- Location: Andhra Pradesh
- Commanded by: Chandrayya and others
- Date: 1879–1880
- Casualties: Unknown

= Rampa rebellion of 1879 =

Rampa rebellion of 1879 (also known as the First Rampa rebellion to distinguish it from the Rampa Rebellion of 1922-24) was an insurrection by the hill tribes in the Rampa region of the Vizagapatam Hill Tracts Agency of Vizagapatam District against the British government of the Madras Presidency.

== Causes ==

The hill tracts of Vishakhapatanam were inhabited by hill tribes who led a more or less independent way of life for centuries. These tribes either spoke Telugu or Odia or tribal dialects and paid a regular tribute to a zamindar or mansabdar who was a subject of British India. The then mansabdar of the region was an oppressive tyrant, which led to smaller riots and uprisings before. Also, traders from the lowlands made unfair contracts with the tribes.
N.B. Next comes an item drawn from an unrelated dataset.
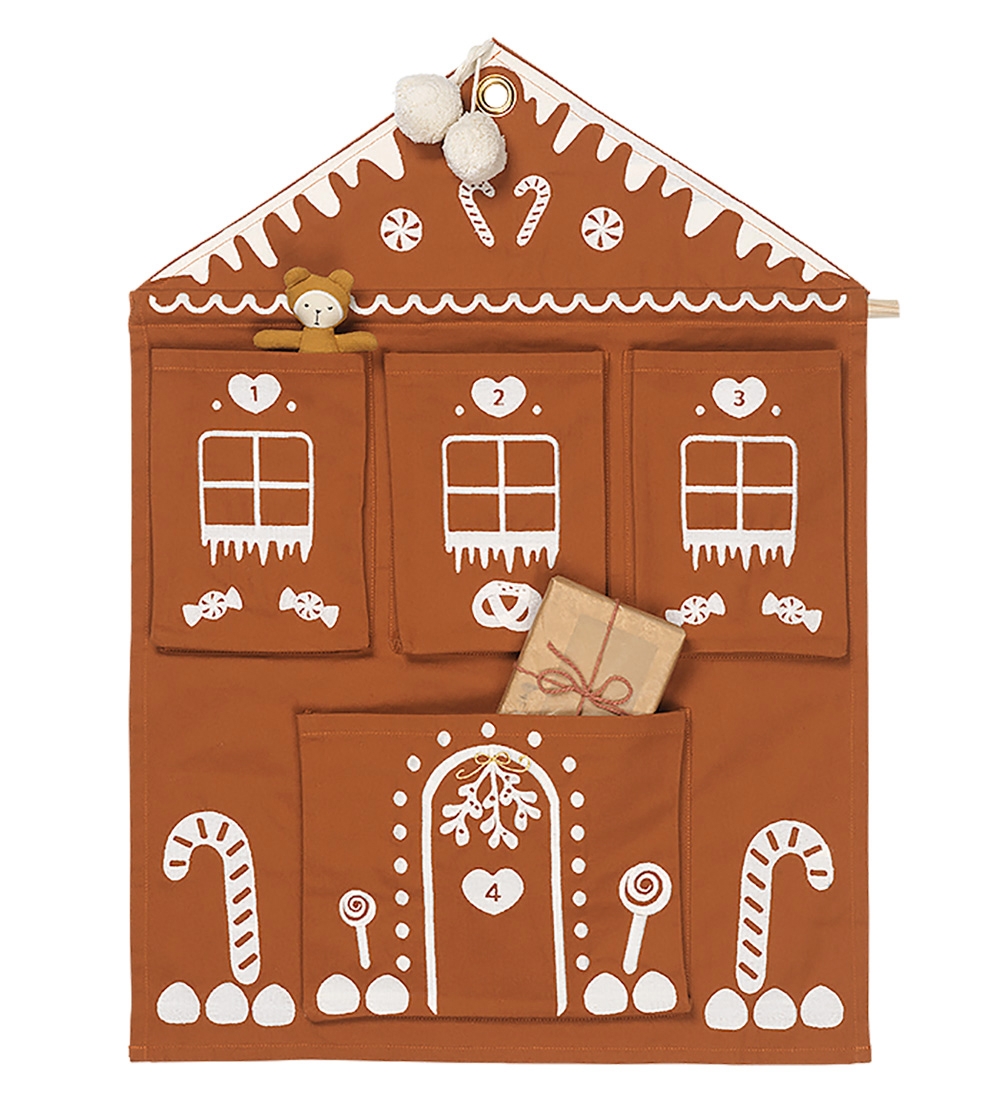 Fabelab Advent Calendar - Gingerbread House - Cinnamon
When disputes arose, the government' favoritism towards the traders led to the seizure of tribal property. To make matters worse, the Madras government introduced a law making toddy tapping for domestic purposes illegal and introducing a toddy tax, while toddy tapping was part of their culture. This led to a full-scale rebellion in early 1879.

== Events ==

The rebellion started in March 1879 when the hill tribes of Rampa made attacks on police stations in Chodavaram taluk. Soon, the rebellion spread to the Golconda hills of Vishagapatam and Bhadrachalam taluk. Within a short time, rebellion engulfed the whole district.
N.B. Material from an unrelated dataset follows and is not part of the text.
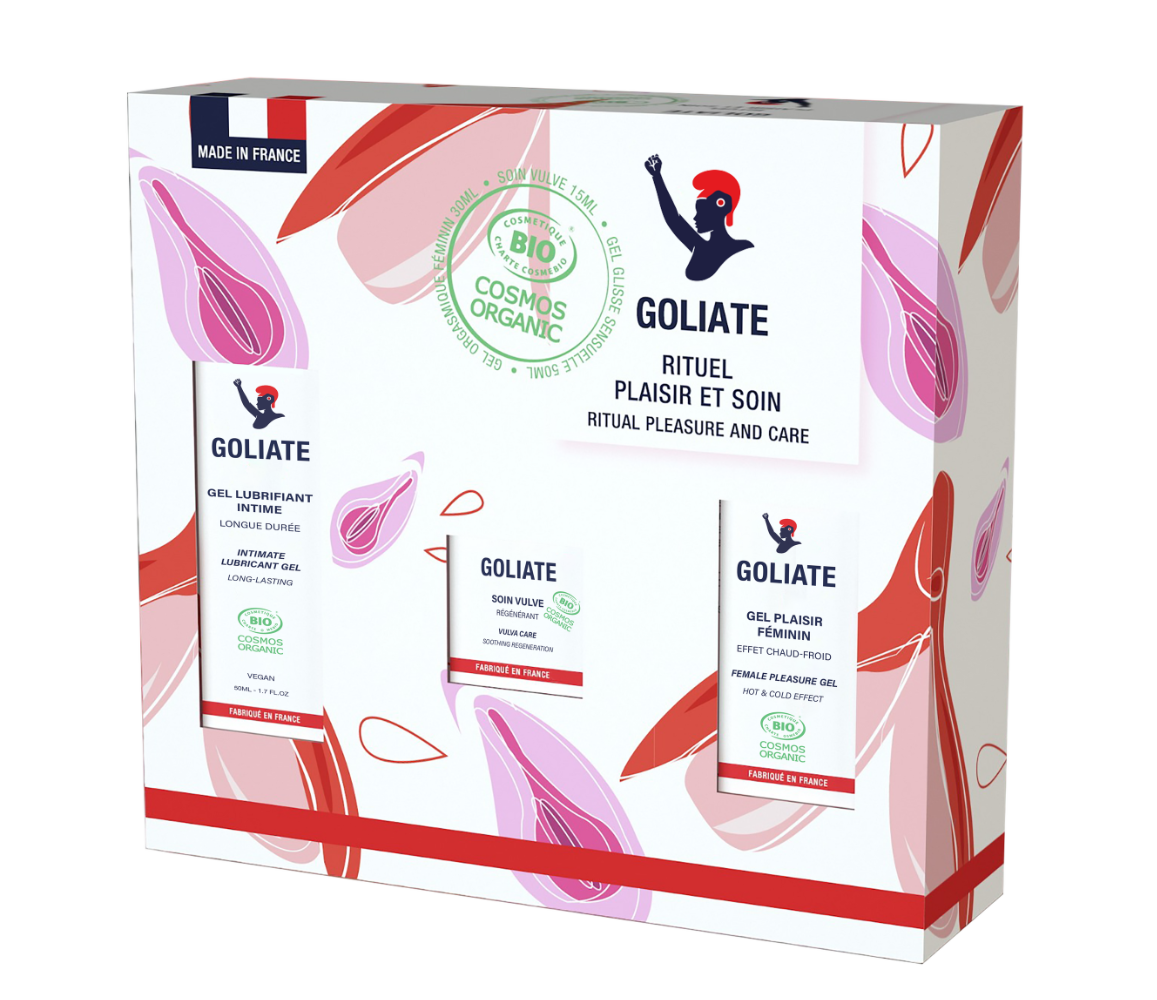 Goliate Erotická sada Péče a potěšení - Ritual Pleasure & Care BIO Goliate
The Madras government responded by dispatching several companies of policemen, six regiments of Madras infantry, a squadron of Madras cavalry, two companies of sappers and miners and an infantry regiment from the Hyderabad army. The rebellion was eventually suppressed and a large number of revolutionaries were sent to the Andaman Jail.

== Aftermath ==

In the aftermath of the rebellion, various conciliatory measures were adopted by the British government. They tried to improve the condition of the tribals of East Godavari agency and the hill tracts in the northern part of Madras Presidency. Also, the mansabdar was arrested, blaming his rule as a principle cause of the rebellion. Since the intention of the rebellion was not to drive away the British but to end exploitation, the tribes accepted the British Government in place of the mansabdar, unaware of the implications of this change.